> Provided data

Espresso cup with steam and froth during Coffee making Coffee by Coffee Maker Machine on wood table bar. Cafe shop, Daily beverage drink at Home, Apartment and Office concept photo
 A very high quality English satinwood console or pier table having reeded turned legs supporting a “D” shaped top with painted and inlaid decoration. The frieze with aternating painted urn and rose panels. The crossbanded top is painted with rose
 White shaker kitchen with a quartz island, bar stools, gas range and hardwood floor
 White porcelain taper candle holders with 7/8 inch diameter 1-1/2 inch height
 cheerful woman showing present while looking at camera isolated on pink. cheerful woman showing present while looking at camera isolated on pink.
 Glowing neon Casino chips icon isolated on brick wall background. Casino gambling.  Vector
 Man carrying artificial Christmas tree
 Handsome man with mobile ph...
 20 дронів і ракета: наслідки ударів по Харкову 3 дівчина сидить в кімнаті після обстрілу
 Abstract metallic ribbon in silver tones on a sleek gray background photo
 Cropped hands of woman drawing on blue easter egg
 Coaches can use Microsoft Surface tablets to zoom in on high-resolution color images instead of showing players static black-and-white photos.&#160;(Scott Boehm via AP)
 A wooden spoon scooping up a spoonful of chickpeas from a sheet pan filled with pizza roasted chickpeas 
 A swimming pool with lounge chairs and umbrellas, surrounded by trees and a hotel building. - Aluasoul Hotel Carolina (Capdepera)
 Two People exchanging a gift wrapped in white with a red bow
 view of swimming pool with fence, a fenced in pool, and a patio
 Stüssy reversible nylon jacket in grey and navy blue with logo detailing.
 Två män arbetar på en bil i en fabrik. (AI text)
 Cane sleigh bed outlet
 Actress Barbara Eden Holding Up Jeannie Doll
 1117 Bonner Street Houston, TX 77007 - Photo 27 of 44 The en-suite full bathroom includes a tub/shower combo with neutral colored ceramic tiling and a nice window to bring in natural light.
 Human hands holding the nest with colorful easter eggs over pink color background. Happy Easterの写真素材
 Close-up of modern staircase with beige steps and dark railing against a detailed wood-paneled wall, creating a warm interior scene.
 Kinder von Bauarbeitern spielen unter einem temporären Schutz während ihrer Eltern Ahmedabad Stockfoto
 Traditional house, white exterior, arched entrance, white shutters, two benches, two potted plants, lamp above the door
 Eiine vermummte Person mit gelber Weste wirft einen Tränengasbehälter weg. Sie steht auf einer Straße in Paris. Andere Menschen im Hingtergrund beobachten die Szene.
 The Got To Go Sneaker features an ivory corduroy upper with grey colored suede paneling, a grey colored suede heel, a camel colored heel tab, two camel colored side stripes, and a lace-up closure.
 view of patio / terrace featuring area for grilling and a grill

> Work order
If a line in the records contains the word "grey", copy it out.

> Output
 Stüssy reversible nylon jacket in grey and navy blue with logo detailing.
 The Got To Go Sneaker features an ivory corduroy upper with grey colored suede paneling, a grey colored suede heel, a camel colored heel tab, two camel colored side stripes, and a lace-up closure.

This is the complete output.